Prompt -
With the pictures omitted, repeat exactly the lines below starting with the line that has "Del Mar Stripe" and going on through the line that has "a woman in a".

Input material -
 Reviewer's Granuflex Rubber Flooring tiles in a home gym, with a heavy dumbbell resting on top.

--

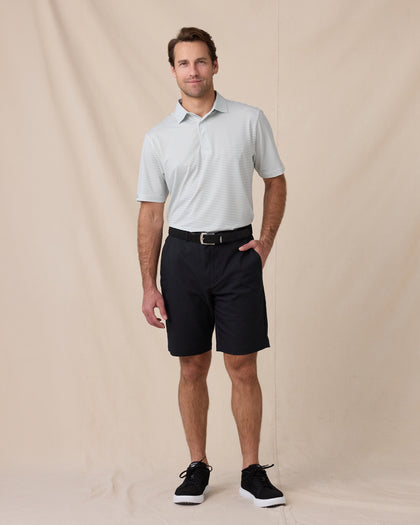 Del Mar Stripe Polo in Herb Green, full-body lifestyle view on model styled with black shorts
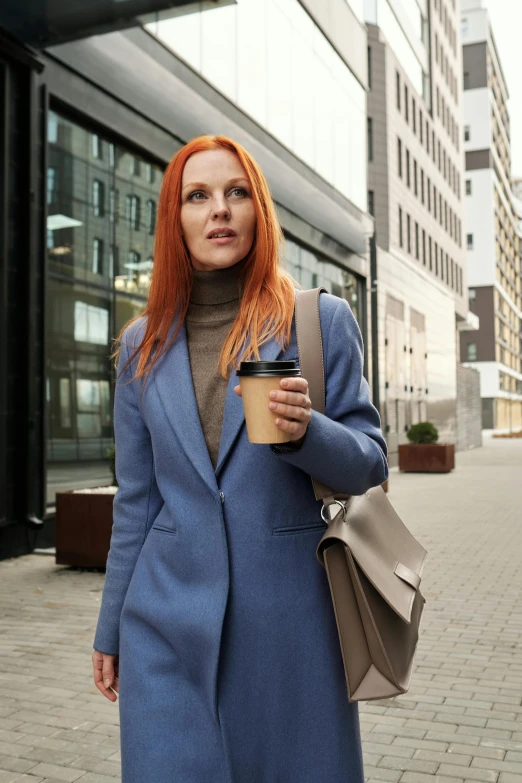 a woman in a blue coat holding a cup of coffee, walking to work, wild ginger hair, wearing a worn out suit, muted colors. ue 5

---

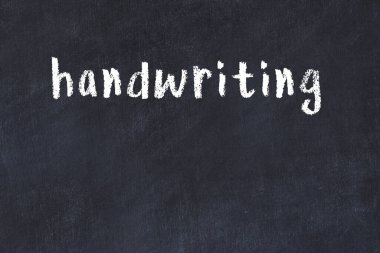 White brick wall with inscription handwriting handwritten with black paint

Exercise output -
 Del Mar Stripe Polo in Herb Green, full-body lifestyle view on model styled with black shorts
 a woman in a blue coat holding a cup of coffee, walking to work, wild ginger hair, wearing a worn out suit, muted colors. ue 5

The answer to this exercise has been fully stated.